***Disclaimer*** This post is full of deep faith based musings and experiences. Proceed at your own risk!!
A few days later, I was talking with my dear roommate. She had seen me up and down, confused and deliriously happy, heartbroken and comforted. She was concerned about me, and like a true friend, helped me see to the heart of the matter.
"What is it that you are looking for?" she tenderly asked.
As I sat, thinking about my reply, she continued.
"What more do you want?"
I was stunned. I had never thought about it in that way. What more DID I want? I couldn't see into the future to see how he would react to all the things life would throw at us. But I was sure of a few things:
1. He loves me.
2. He loves God.
3. He is a faithful priesthood holder.
4. He loves the scriptures and temple worship.

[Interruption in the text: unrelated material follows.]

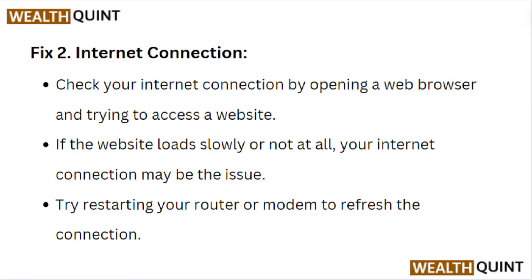Fix 2: Internet connection. Check your internet connection by opening a web browser and trying to access a website. If the website loads slowly or not at all, your internet connection may be the issue. Try restarting your router or modem to refresh the connection.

5. He is humble and honest.
6. He is a hard worker.
7. He wants to do God's will with his life.
I thought of these things and re-asked myself my dear friend's question--What more do I want?
I had to have faith. I couldn't know everything at this point. But I knew that I had an important decision to make. I wanted to marry him. I couldn't let him get away. I loved and respected him. I wanted to spend my life learning to love and sacrifice for him.
I knelt by my bed and said a different kind of prayer. All this time I had prayed that Heavenly Father would make the decision for me. Now I wanted to make my own decision. I wanted His seal of approval on my choice. As I prayed, a feeling of peace and joy flooded my body. I had my answer. He was my choice. And the Lord approved. Just the way I wanted it.